■ **WHAT TO PRODUCE**: Your output should be an exact copy of the records, with no pictures in it.

[MATERIAL PROVIDED — start]

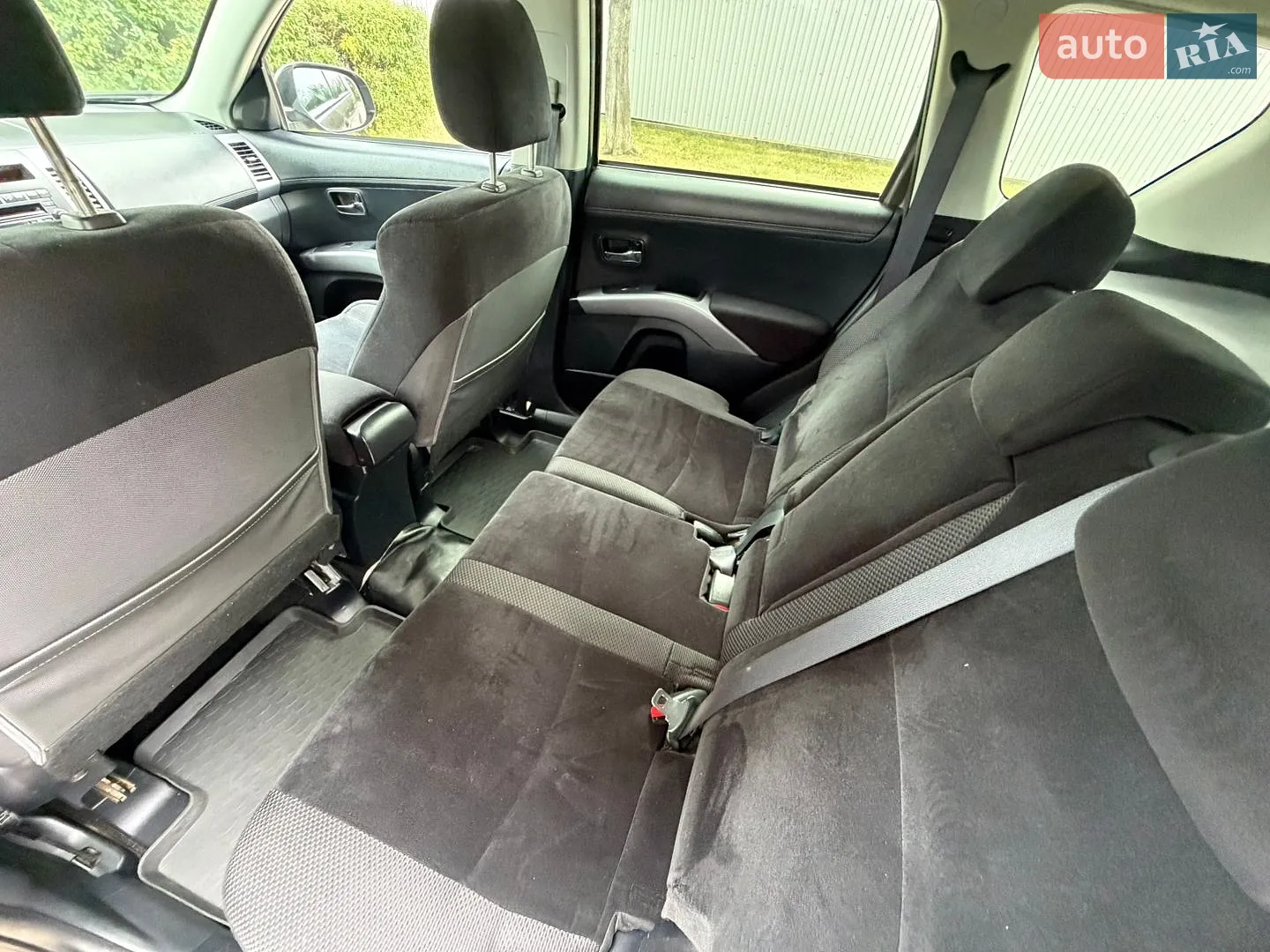 2012 Mitsubishi Outlander - мініатюра 26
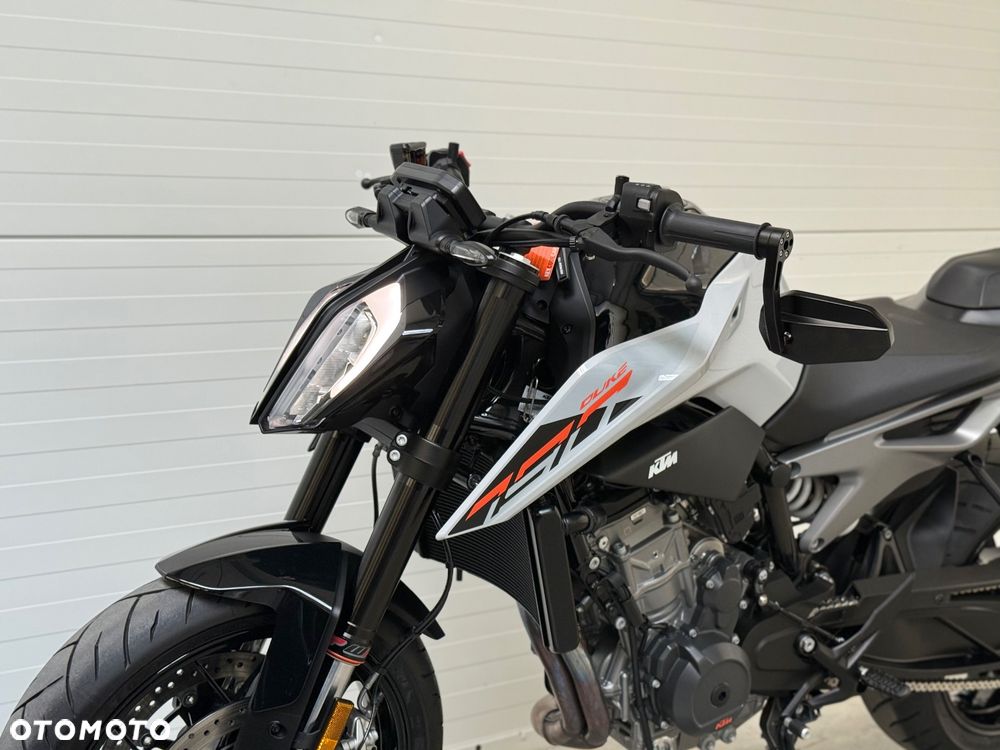 KTM Duke 790 - 22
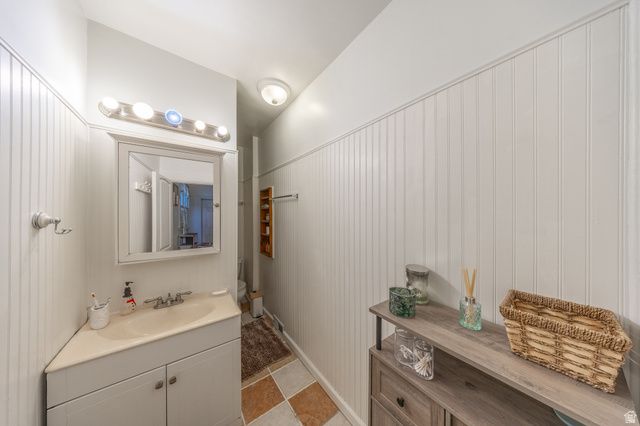 4911 S CENTER ST, Murray, UT 84107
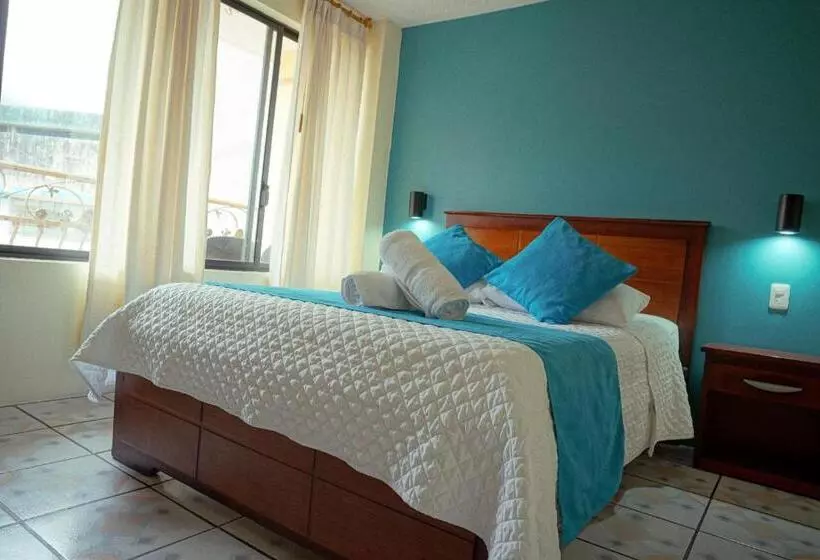 ペンション Hostal Cañalimeña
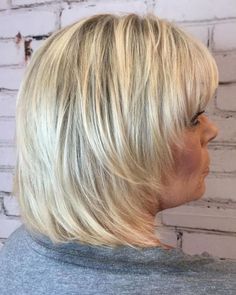 Medium Straight Feathered Blonde Shag Shaggy Hairstyles For Fine Hair, Medium Shaggy Hairstyles, Shaggy Hairstyles, Pearl Blonde, Short Shag Haircuts, Hairstyles For Fine Hair, Shaggy Hair, Short Shag Hairstyles, Hair Over 50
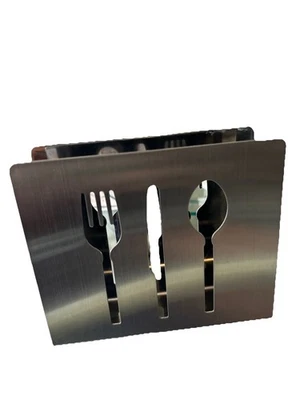 Servilletero de acero inoxidable con recortes de diseño de cubiertos Foto 1 de 3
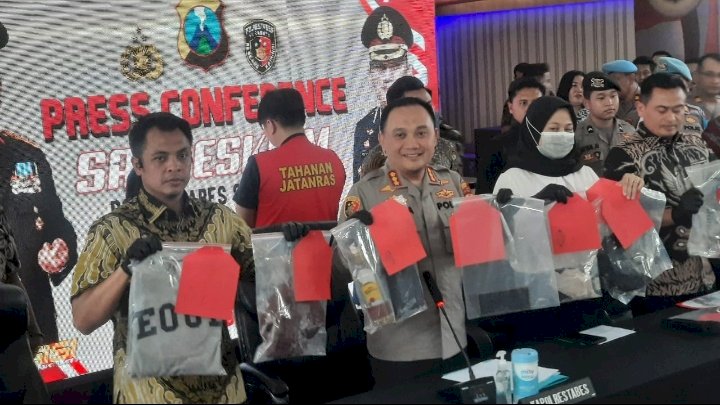 Polisi menunjukkan barang bukti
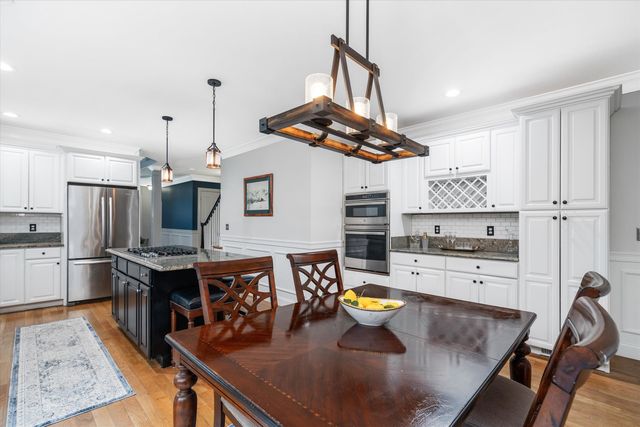 1 Dorothys Way, Bedford, NH 03110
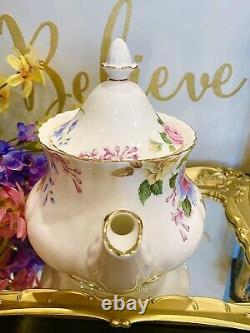 Vintage Rare Royal Albert Beatrice Large Teapot. Like New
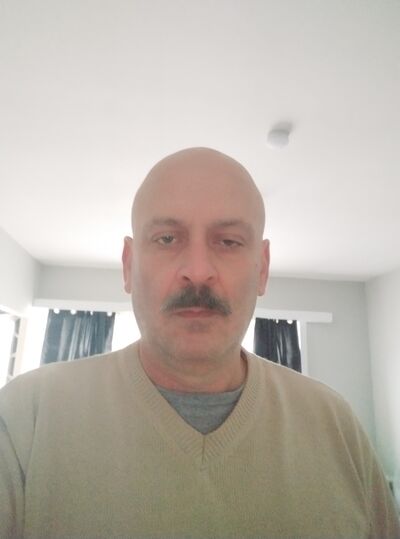  La Louviere,   , 57 ,   ,   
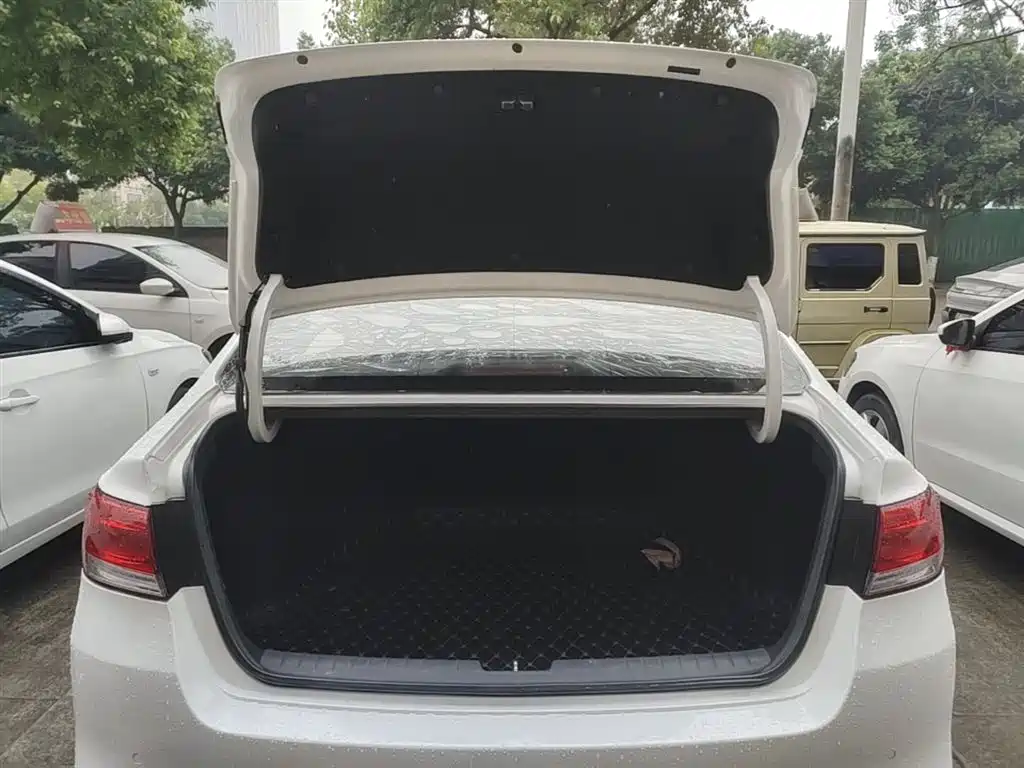 Kia K4 2014 1.8L Automatic GLS фото 19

[MATERIAL PROVIDED — finish]

■ **REPLY TO THE EXERCISE**:
 2012 Mitsubishi Outlander - мініатюра 26
 KTM Duke 790 - 22
 4911 S CENTER ST, Murray, UT 84107
 ペンション Hostal Cañalimeña
 Medium Straight Feathered Blonde Shag Shaggy Hairstyles For Fine Hair, Medium Shaggy Hairstyles, Shaggy Hairstyles, Pearl Blonde, Short Shag Haircuts, Hairstyles For Fine Hair, Shaggy Hair, Short Shag Hairstyles, Hair Over 50
 Servilletero de acero inoxidable con recortes de diseño de cubiertos Foto 1 de 3
 Polisi menunjukkan barang bukti
 1 Dorothys Way, Bedford, NH 03110
 Vintage Rare Royal Albert Beatrice Large Teapot. Like New
  La Louviere,   , 57 ,   ,   
 Kia K4 2014 1.8L Automatic GLS фото 19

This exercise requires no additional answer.